The Bay Area Connection
European entrepreneurs come to the Bay Area mainly to find venture capital and to scale. They also come to tap into the business and marketing expertise at which the Bay Area excels. Many draw on a deep infrastructure of institutional support provided by their governments and by businesses and business leaders from their home countries that are already embedded in the region. This bridge, composed of overlapping public and private networks, provides startups with short-term landing pads and with expertise, advice, and connections to help them grow their businesses.
For Nordic startups, this support infrastructure is built around three major components: government offices (consulates and national or subnational government agencies); Nordic Innovation House; and regional business organizations. Particularly for government offices, the functions of these entities often overlap. Taken together, the Nordic presence is substantial.

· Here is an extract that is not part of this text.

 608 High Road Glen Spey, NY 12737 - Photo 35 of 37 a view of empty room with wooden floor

Government Offices, Nordic Innovation House, and Business Organizations
Nordic governments are represented by consulates (Norway, Sweden, Denmark), honorary consulates (Finland and Iceland), business support units (Business Sweden and Finpro), and national technology agencies (Tekes, Vinnova and Innovation Center Denmark). They also collaborate through Nordic Innovation House, which offers a soft-landing space for startups from across the Nordic region—Norway, Sweden, Finland, Iceland, and Denmark—as a cooperative project of all five counties. Initial support for the project came from the region’s multinational innovation partnership Nordic Innovation, and is sustained by private companies through membership subscriptions.

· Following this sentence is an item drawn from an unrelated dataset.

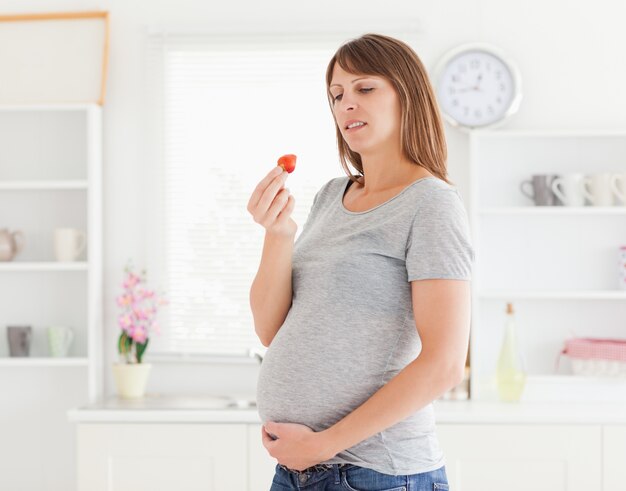 Schöne schwangere Frau, die eine Erdbeere bei der Stellung isst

The trend among country representatives and cross-nationally between government agencies is toward collaboration, as a collective presence is increasingly seen as being more impactful than more isolated initiatives. This approach is exemplified by Silicon Vikings, a regional association of business leaders hailing from Nordic countries. Headquartered in Silicon Valley, the Silicon Vikings global network includes chapters in Copenhagen, Gothenburg (Sweden), Helsinki, Oslo, Reykjavik and Stockholm. Participation was recently extended to neighboring Baltic countries (Estonia, Latvia and Lithuania), adding Tallinn, Vilnius and Riga to the list of overseas hubs. Other business groups such as the Danish American Chamber of Commerce and the Swedish-American Chamber of Commerce actively include startup-oriented events in their agendas.
Leading Corporations
A number of leading Nordic corporations are present in the Bay Area, with the goal of connecting to and participating in the region’s innovation economy. Most often, larger Nordic companies are present in Silicon Valley through what can be termed “innovation outposts,” which vary in size from a handful to several hundred staff. Since technology and ideas move rapidly, to fully participate in the region’s innovation economy companies need a full-time presence. These offices play multiple roles, monitoring technology trends and developments, reporting back to their home offices, and developing partnerships with universities and with large Bay Area companies. Recognizing that young companies are often more nimble and can out-innovate even companies with large research budgets, these corporate outposts also seek out startups, to identify those with business models or technologies that can support their business plans through partnerships and acquisitions. Major companies with a presence in the region, some with venture arms, include ABB, Nokia, Volvo and Ericsson. Independent venture firms such as Sweden’s Creandum have also established a presence.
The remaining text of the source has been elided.